I've always wanted to try steam bending, and the upcoming work of installing the carlins (under deck supports) and gunwales is going to provide a good opportunity to try it out. The plans call for several narrower piece of wood to be bent and laminated in place without steam, but I was not looking forward to handling and securing long skinny, slippery, epoxy covered pieces, so I thought I would gear up for steam bending.
Traditional steam bending involves placing the wood to be bent in a box and applying steam until the wood gets flexible. Then you remove the wood from the box and quickly put it in place before it cools off and stiffens up again.
Recently I saw a video on the net showing a variation of this, where the wood is steamed in place on the boat. Using this method there's no frantic dash to beat the cooling wood, as you can keep the steam on until everything is in place. The key is to do away with the traditional steam box, and substitute a plastic tube.
So, excited about trying something new, I placed an order for an Earlex steam generator and soon it showed up at the door. A quick visit to eBay and 200 feet of 6-inch wide 4 mil lay-flat tubing was also on the way.
The steam generator comes with the tank, a hose, and a electrical cord. The hose is nice and long, about 10 feet, and has a flare fitting on one end and a threaded fitting on the other - very nice. The steam generator is pretty simple, and consists of a heating coil in a plastic box, but it has a pressure relief valve and over-temperature shut off (if you run it dry). It's a nice setup.
For my test bend I planed some pine to 20mm x 30mm. Nothing special about this stick, it has knots and all - kind of a worst case scenario. I cut off a section of plastic the same length as the wood.
And installed the hose in the middle. The threaded end and jam nut is inside the tubing in this photo.
Then I put the wood inside the tube, filled the steam generator with water and plugged it in.
After about 15 or 20 minutes steam began to flow. Some flows through the tube and out both ends, and some condenses in the tube and eventually runs out the ends. I put a bucket under each end to catch the drips.
After about 45 minutes I put on gloves and easily pulled the wood into place. This bend is in two dimensions - curving both upward and inward as it approaches the ends of the boat.
Pulling the plug on the steam generator, I let the wood cool.
And then slipped it out of the plastic. There was very little spring-back - this experiment was a success!
The wood took on a nice smooth curve for the most part. If you look in the background you can see there is a straight section there as the piece ended and there was nothing pushing it into a curve.

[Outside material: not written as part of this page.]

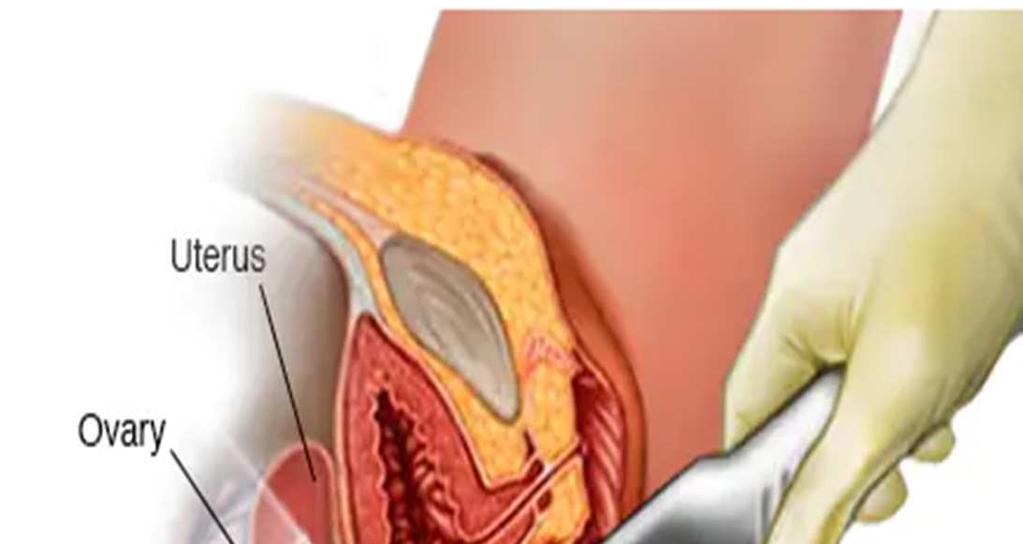 Διάγνωση της υπερπλασίας του ενδομητρίου Η υπερηχογραφική εκτίμηση του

With a full-length piece this shouldn't be a problem. Or if I wanted this shorter length to curve in that area I could have pushed it out a little with a brace - the bending was easy and did not require much force.
Since the final, full-length, part will have one or more scarf joints joining shorter sections of wood, I plan to do another experiment like this, but with a scarf joint in the test piece to make sure the steam heat does not cause the joint to fail. If it does I'll have to come up with a plan to work around that.